“Project Everest”: Accountant EY stops splitting up

Status: 04/12/2023 10:07 a.m

The auditing group EY has stopped the planned spin-off of the consulting business. Apparently, internal resistance to the project was too great – especially in the United States.

The auditing and consulting company EY is not splitting up after all. The group announced yesterday that the so-called “Project Everest”, into which more than 100 million dollars have already flowed according to information from the “Financial Times”, has been called off.

It was actually planned that the 13,000 partners of the group formerly known as Ernst & Young should vote in April on the separation of the lucrative consulting business. It should then be taken to the stock exchange. In mid-February, a member of the company’s management told the Reuters news agency that “huge approval” was expected for “Project Everest”. The partners involved in EY could have expected millions in proceeds as a result.

The auditor EY and the “Big Four”

EY is a globally operating network of legally autonomous and independent companies that are active in the areas of auditing, tax advice, transaction advice, risk advisory, financial advisory as well as corporate and management consulting and classic legal advice.

With more than 365,000 employees and a turnover of 45.4 billion dollars in 2022, EY is one of the so-called “Big Four” of auditors – alongside KPMG, Deloitte and PwC. The companies audit large, international corporations and advise companies as well as many governments and state institutions.

US unit opposed split

But apparently the internal resistance to the split was too great.
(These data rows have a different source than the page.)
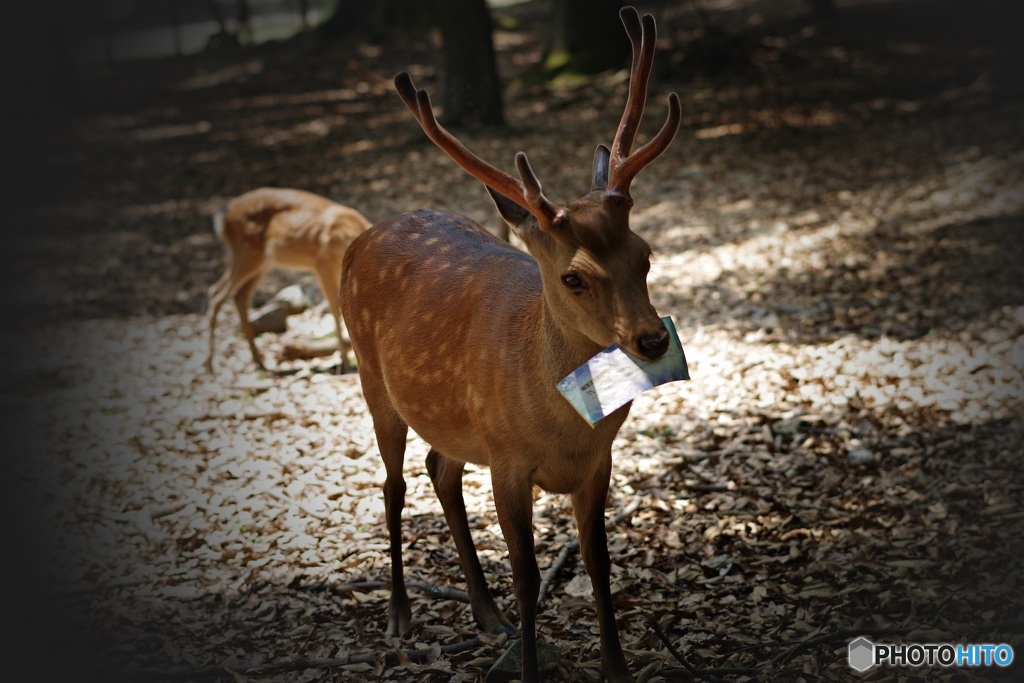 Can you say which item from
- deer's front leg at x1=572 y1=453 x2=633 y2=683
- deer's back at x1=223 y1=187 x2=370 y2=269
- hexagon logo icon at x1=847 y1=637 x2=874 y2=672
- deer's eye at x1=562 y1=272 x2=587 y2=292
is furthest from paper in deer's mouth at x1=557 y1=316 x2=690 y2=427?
deer's back at x1=223 y1=187 x2=370 y2=269

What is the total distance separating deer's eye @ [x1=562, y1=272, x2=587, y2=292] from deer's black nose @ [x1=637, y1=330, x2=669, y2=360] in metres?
0.27

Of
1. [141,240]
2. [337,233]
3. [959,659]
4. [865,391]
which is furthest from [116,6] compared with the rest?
[959,659]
A note from EY’s 18-strong global leadership team, seen by the Financial Times, said: “We have been informed that the US Executive Committee has decided not to proceed with the design of the Everest project, given its strategic importance of the US member company for Project Everest, we are suspending work on the project.”

The business unit in the United States is the largest national company of EY. Apparently, there was concern that the spin-off of the lucrative tax consultancy business would do more harm than good. The US unit therefore feared for its competitiveness

Conflict of Interest Warning

With the spin-off announced in September, EY, based in London, wanted to meet the demands of many supervisory authorities. Possible conflicts of interest are considered problematic when auditors also advise the companies they audit. The most explosive example of this in recent years may have been the Wirecard case in Germany.

The fact that the split has now failed in its already planned form also raises questions about the future of EY boss Carmine Di Sibio: He had pushed ahead with the restructuring of the group and was apparently supposed to lead the consulting business after the split.